Cloudforce last week was an amazing conference to attend. The content was excellent, the event bloody well staged and the focus was on helping attendees understand their products rather than selling them. Hats off to them for creating such a fantastic event and experience.
I’m going to call them on one thing, though. Given they are a company whose mission it is to open up communication, I think a discussion around this would be really productive.
I was narked by the slogan on the free t-shirts. Call me ungrateful if you like, but I wasn’t amused to be handed a black ladies t-shirt with the words
plastered across the bust.
It may seem like a small detail amidst a global marketing campaign. But details matter because your audience will judge you based on the smallest details picked up intuitively without even realising they’re doing it.
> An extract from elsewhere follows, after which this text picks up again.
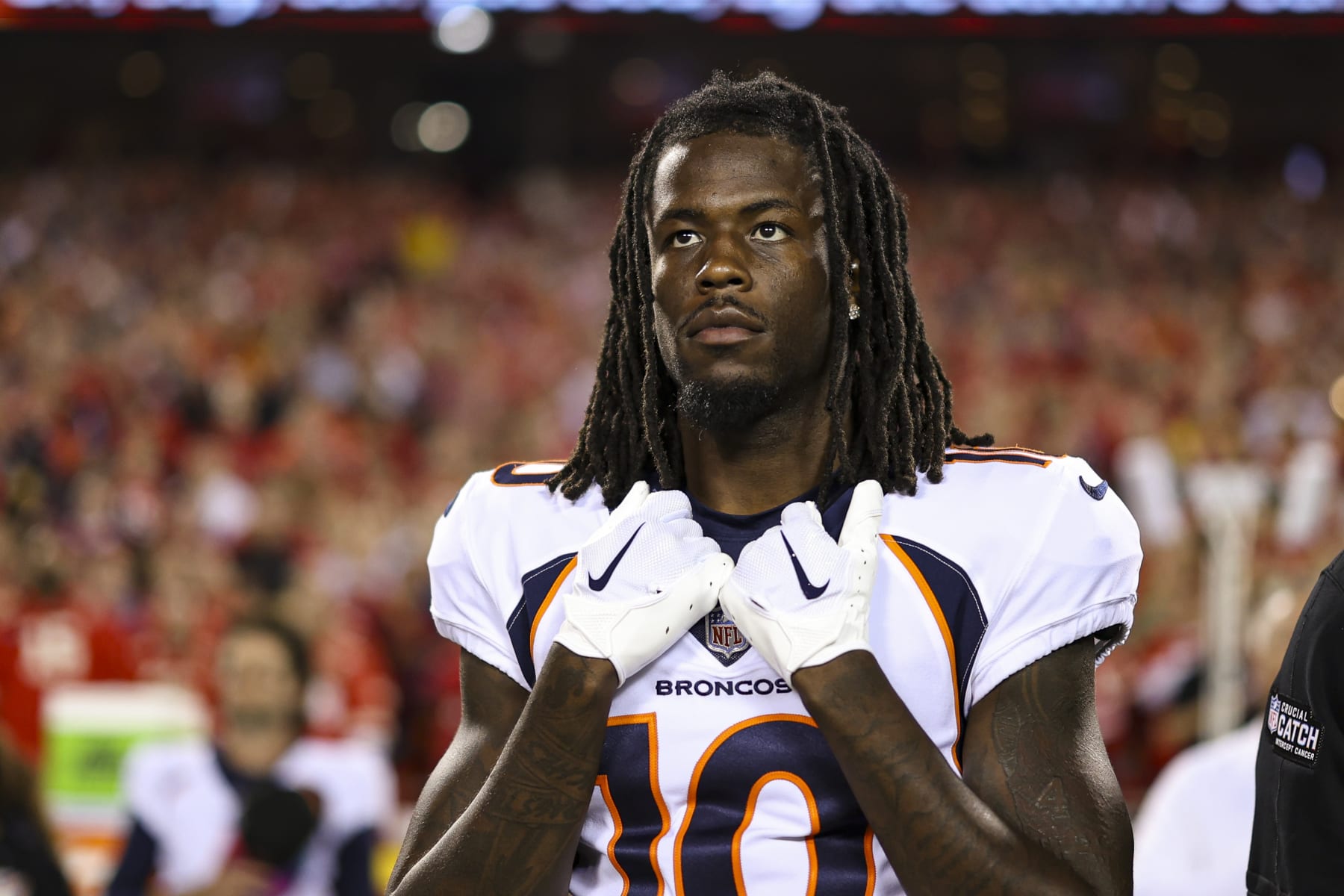 KANSAS CITY, MO - OCTOBER 12: Jerry Jeudy #10 of the Denver Broncos looks on from the sideline during the national anthem prior to an NFL football game against the Kansas City Chiefs at GEHA Field at Arrowhead Stadium on October 12, 2023 in Kansas City, Missouri. (Photo by Perry Knotts/Getty Images)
Hence why social is gaining such importance in business. Social channels open up a window to these implicit and intuitively understood details; that very human thing of inseparable presentation of content and context. Social in business is risky for exactly the same reason and Salesforce already understand all this. If they didn’t they wouldn’t have a business at all.
I’m assuming the sexual current of humour the t-shirt plays on is clear. I don’t have a problem with sexual humour in itself, but it made me uncomfortable for three reasons and raises three questions.
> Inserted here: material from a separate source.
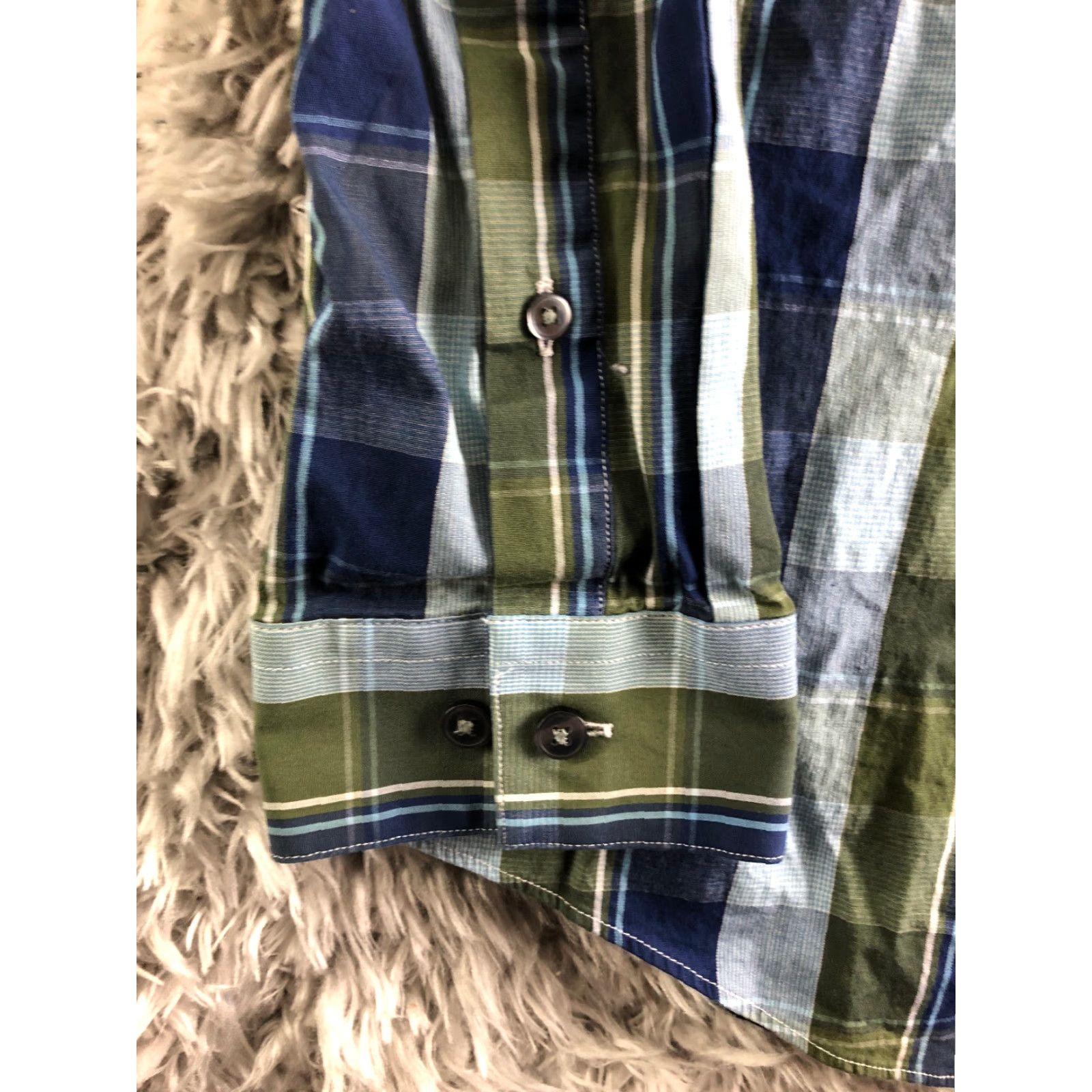 Apt. 9 Apt. 9 Slim Fit Mens 17 34/35 Blue Striped Long Sleeve Spread Collar Shirt Shirt Mens Regular Blue 1990s Modern Classic Shirt Size US L / EU 52-54 / 3 - 2 Thumbnail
- If I (or any of the women I know) were to wear this t-shirt, we’d be ridiculed. Within my social circle, no one would immediately grasp what chatter is: at best they’ll think I’m being naive and at worst they’ll think I have a new dating technique.
1) Does Salesforce think it is appropriate to make their advocates the butt of a joke in order to promote their product?
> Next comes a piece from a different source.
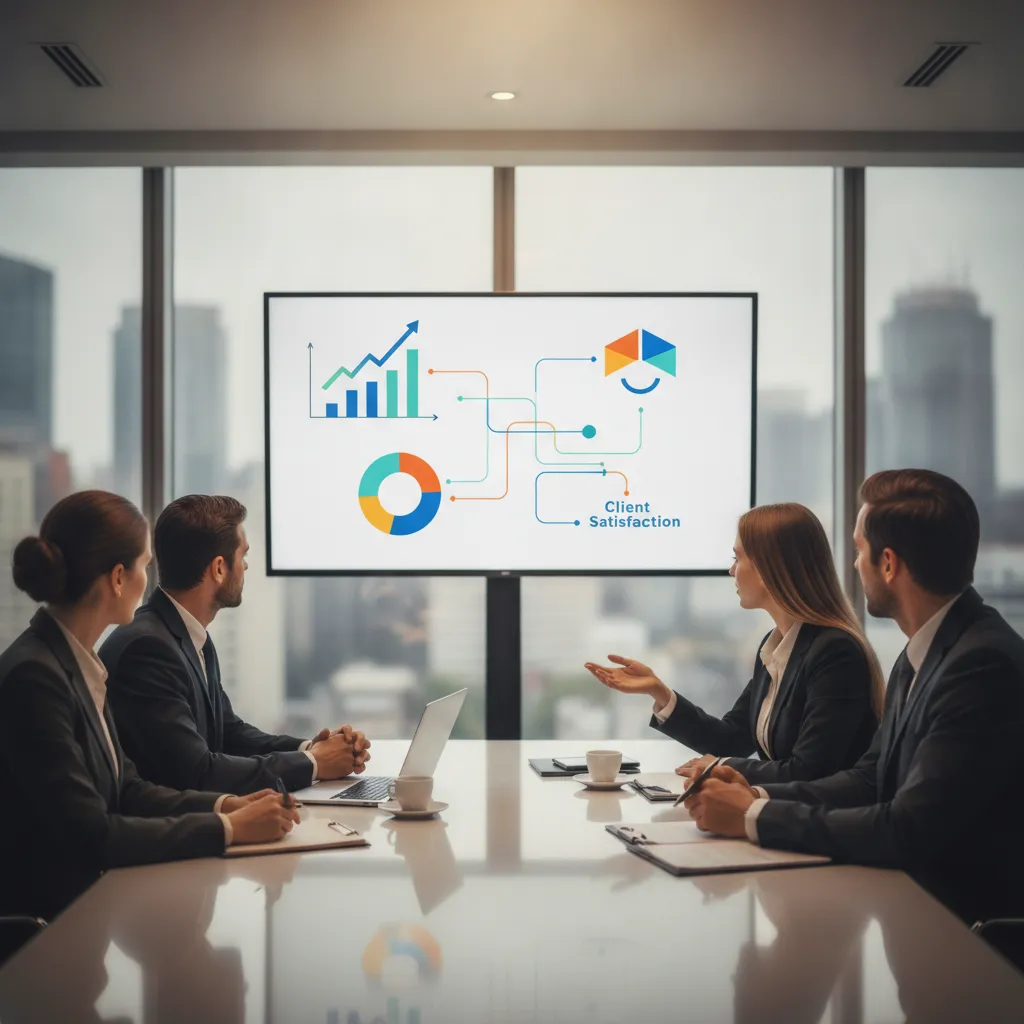 Équipe notariale analysant les performances de leur plateforme numérique notaires avec tableaux de bord et métriques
- There is a disparity between men and woman as a result of social conditioning around sexuality and it has specific connotations for the workplace. There is still a professional tension between it being empowering for men to make jokes about their sexuality and it being disempowering for women to do so.
2) Does Salesforce think it is okay to use sexual humour in a way that emphasises the gender disparity in a professional context to promote their product?
- The joke here would be fine on a t-shirt given away at a rock concert; however it jars in this context because of the professional setting. I’m all for exploring boundaries, but widely upheld boundaries should also be acknowledged.
3) Does Salesforce think it is okay to ignore cultural and social boundaries widely held in their target audience in order to promote their product?
I don’t believe giving away marketing t-shirts is a responsible way to engage with these issues, certainly not by design but not by accident either. Intention or lack of it doesn’t stop these issues coming to mind and associations being formed between the brand and the issues raised by inappropriate sexual humour. Here we come back to my detail argument above and we find ourselves questioning what precisely motivated the use of this marketing device. These things are important when we are trying to decide where to stake our loyalty as customers or advocates of a company or brand.
As it happens, I believe the answer to each of the three questions posed above is no, but I had to think about it. I’d really like to know what other people think, please take the time to comment if you have an opinion on the subject.
Lovely, committed, driven people at Salesforce – thank you so much for putting on a fantastic event that has benefitted me. Bearing in mind all that stuff you’re doing so right: are my questions above what you want your audience to be thinking when they think about you? How can we open up a dialogue that will help me understand where you were coming from and help you understand why I (and no doubt others) responded the way I have?